An impact event is a collision between objects in space. They happen regularly in planetary systems, such as our Solar System. They most often involve small objects, such as asteroids, comets or meteors. These have relatively little impact. When a large object collides with a planet like the Earth, it can have serious effects on the planet. Depending on the size of the object, much of the impact is reduced by the planet's atmosphere. Smaller objects explode or break apart as they enter the atmosphere. These are seen as bolides.

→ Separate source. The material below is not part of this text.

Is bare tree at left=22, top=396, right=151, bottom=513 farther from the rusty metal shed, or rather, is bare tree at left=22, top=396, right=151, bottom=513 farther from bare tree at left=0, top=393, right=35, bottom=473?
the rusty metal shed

Impact craters, which are caused by impact events, can be seen on many of the planets and other objects in the Solar System. Some of the largest are on Mars and the Moon. These are said to be evidence of major impact events. The first time an impact event was recorded was in July 1994. A comet, Shoemaker–Levy 9, broke apart and collided with Jupiter.[1] The collision was recorded by telescopes and satellites.[2]

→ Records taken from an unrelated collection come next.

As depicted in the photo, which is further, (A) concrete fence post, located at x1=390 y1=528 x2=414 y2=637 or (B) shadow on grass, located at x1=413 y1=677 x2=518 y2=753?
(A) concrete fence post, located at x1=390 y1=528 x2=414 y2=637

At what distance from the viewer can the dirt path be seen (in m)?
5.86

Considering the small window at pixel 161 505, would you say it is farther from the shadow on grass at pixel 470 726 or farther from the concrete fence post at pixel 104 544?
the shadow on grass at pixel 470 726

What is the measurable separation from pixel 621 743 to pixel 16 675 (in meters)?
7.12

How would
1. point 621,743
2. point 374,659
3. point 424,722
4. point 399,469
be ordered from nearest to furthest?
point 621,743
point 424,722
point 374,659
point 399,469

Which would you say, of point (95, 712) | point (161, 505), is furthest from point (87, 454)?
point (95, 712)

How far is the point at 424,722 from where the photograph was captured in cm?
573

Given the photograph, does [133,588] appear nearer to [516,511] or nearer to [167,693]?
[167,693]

Impact events appear to have had a major effect on the how the Solar System has changed since it was formed. Major impact events have also shaped the history of the Earth, including the evolution of life. It is thought that the Chicxulub impact, which happened 66 million years ago, caused the Cretaceous–Paleogene extinction event.[3][4] There is debate over whether impacts caused any of the other extinction events throughout history.[5][6] A giant impact event is thought to have produced the Moon.[7][8]

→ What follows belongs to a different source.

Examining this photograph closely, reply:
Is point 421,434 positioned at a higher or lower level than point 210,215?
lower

Hundreds of impacts have been reported on Earth. Many happen without being seen by anyone on the ground. On average, asteroids with a diameter of 4 meters (13 ft) impact Earth about once per year.[9] These usually explode in the upper atmosphere, and most or all of the solids are vaporised.[10] Asteroids with a diameter of 1 km (0.62 mi) collide with Earth every 500,000 years.[11] Large collisions, of 5 km (3 mi), happen once every twenty million years.[9] Some have caused damage and injuries,[12] but no human is known to have been killed directly by an impact. The Chelyabinsk meteor event in 2013 is the only impact event known to have resulted in a large number of injuries.[13][14] One of the most well-known impacts in modern times was the Tunguska event. This happened in Siberia in 1908. Impacts of that size are said to happen about once every thousand years.[15][16]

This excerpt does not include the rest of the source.